# Arnhem land gecko ID



## waruikazi (Mar 21, 2009)

I found this little fella in central Arnhem land. I think it's a bynoes but gecks aren't my thing hey. Anyone help?

BTW i don't want to scare or cause mass panic to anyone but these pictures were taken on my mobile :shock: How good is that!?


----------



## cracksinthepitch (Mar 21, 2009)

Wow good pics for a phone, is it a new one and how many megapixels isit?


----------



## waruikazi (Mar 21, 2009)

cracksinthepitch said:


> Wow good pics for a phone, is it a new one and how many megapixels isit?

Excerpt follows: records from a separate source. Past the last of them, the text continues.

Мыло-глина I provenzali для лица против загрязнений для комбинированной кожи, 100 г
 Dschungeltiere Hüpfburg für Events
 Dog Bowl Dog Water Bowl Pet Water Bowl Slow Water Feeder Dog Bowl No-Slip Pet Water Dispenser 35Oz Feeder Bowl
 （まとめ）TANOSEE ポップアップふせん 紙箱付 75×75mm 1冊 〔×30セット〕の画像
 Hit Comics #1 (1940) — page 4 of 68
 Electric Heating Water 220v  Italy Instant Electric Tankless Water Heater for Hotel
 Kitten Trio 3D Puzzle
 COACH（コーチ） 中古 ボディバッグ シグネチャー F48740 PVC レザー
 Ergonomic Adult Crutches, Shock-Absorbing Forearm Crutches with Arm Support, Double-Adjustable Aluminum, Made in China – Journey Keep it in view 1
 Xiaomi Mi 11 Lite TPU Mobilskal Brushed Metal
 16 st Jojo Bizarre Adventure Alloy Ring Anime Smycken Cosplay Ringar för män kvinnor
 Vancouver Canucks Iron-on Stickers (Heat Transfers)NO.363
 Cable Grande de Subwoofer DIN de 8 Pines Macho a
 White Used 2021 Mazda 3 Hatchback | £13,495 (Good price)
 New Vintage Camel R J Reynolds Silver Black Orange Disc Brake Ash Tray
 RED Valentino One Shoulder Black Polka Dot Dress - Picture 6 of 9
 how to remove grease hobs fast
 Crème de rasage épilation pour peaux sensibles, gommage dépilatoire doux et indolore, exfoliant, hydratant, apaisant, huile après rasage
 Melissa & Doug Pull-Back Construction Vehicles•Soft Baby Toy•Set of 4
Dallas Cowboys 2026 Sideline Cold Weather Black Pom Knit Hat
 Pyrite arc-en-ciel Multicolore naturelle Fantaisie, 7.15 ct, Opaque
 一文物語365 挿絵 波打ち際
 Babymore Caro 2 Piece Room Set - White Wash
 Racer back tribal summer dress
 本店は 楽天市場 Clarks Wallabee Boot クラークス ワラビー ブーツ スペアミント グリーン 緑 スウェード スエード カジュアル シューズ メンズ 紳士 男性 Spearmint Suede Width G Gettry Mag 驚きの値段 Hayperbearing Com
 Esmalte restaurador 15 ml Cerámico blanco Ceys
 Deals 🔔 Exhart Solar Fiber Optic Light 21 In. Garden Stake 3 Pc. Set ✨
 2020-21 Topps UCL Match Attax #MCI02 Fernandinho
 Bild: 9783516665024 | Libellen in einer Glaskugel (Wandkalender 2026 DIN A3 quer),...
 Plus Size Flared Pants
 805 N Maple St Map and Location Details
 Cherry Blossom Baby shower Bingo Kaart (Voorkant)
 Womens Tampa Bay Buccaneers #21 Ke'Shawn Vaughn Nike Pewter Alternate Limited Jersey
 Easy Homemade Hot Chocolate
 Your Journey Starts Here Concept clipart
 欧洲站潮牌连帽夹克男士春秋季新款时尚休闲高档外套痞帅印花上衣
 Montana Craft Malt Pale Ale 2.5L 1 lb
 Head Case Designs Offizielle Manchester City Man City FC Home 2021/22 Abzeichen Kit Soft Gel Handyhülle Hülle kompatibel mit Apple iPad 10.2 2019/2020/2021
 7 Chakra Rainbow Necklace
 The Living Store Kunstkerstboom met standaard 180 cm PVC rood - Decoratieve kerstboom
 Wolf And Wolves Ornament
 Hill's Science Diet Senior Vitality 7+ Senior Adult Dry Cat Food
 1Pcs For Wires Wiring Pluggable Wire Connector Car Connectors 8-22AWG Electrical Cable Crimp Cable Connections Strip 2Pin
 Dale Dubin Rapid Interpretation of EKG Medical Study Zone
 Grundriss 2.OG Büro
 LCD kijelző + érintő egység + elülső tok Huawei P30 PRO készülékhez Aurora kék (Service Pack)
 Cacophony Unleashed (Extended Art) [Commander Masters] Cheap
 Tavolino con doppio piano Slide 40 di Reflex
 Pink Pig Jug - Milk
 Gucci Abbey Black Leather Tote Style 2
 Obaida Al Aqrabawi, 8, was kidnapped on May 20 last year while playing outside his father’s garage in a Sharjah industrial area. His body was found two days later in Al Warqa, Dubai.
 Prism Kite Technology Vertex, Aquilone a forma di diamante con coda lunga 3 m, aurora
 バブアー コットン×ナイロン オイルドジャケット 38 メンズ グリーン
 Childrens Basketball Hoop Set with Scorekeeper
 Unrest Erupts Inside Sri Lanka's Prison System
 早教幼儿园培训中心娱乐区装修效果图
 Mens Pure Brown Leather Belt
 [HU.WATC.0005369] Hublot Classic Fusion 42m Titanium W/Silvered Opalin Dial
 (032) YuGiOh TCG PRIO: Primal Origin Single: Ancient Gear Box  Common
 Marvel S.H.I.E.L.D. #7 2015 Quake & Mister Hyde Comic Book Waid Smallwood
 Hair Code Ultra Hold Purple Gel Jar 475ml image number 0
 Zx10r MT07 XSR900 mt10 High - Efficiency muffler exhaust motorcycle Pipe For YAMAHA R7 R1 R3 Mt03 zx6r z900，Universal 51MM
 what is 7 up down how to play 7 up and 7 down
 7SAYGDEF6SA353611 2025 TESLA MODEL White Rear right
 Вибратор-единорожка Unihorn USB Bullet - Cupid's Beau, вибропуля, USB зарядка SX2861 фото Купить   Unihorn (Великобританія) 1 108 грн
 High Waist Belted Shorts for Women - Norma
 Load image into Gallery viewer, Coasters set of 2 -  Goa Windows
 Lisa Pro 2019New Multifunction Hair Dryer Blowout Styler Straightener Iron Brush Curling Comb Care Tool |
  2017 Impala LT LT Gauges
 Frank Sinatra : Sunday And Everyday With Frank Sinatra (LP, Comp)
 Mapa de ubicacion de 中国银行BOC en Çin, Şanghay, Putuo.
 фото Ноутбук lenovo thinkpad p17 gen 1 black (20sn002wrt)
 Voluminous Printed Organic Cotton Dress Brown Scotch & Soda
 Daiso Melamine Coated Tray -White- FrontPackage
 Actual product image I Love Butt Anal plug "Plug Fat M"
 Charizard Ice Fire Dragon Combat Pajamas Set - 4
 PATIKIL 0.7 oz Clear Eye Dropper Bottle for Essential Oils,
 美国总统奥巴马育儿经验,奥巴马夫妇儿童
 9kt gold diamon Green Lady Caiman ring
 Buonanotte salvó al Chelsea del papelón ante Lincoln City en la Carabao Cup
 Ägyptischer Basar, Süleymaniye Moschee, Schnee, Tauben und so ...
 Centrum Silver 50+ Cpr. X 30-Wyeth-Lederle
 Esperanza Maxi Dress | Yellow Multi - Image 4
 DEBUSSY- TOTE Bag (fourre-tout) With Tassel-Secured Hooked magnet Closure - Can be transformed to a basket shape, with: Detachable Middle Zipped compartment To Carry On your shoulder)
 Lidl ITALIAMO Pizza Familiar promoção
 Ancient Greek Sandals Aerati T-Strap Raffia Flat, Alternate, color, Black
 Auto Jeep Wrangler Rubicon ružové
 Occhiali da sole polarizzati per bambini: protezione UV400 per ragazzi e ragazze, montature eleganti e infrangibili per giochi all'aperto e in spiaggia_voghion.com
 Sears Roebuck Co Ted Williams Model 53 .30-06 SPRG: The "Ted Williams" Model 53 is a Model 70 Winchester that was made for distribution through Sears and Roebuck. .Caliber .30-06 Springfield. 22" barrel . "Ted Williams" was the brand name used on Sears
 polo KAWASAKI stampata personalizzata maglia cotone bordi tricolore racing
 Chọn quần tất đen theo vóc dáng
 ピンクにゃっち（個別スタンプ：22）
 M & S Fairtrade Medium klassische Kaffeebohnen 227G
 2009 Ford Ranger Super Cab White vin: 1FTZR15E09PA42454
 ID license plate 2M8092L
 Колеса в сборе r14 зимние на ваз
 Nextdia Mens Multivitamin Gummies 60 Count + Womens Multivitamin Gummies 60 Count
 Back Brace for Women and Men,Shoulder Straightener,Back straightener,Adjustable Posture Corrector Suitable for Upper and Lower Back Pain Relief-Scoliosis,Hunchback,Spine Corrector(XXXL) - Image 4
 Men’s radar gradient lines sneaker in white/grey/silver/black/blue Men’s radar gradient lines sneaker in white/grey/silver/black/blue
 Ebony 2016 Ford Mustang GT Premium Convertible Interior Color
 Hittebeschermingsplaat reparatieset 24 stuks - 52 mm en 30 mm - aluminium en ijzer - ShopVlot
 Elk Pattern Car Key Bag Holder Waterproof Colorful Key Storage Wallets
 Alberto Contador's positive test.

It's a Nokia a couple of months old with 5 mega pixels. The only thing i can fault it on is that when you use the flash it blues things out a bit and it is a little slow to use. But apart from that i am astounded!


----------



## Dan123 (Mar 21, 2009)

lol . all fellas up there just call em rockies. used to find em all over the cabins and in the hall where we stayed when we woke up. (before dawn)


----------



## waruikazi (Mar 21, 2009)

Dan123 said:


> lol . all fellas up there just call em rockies. used to find em all over the cabins and in the hall where we stayed when we woke up. (before dawn)



Nah wouldn't be these ones eh. These are totally terrestrial. One's all over the cabin would be and are asian house geks.


----------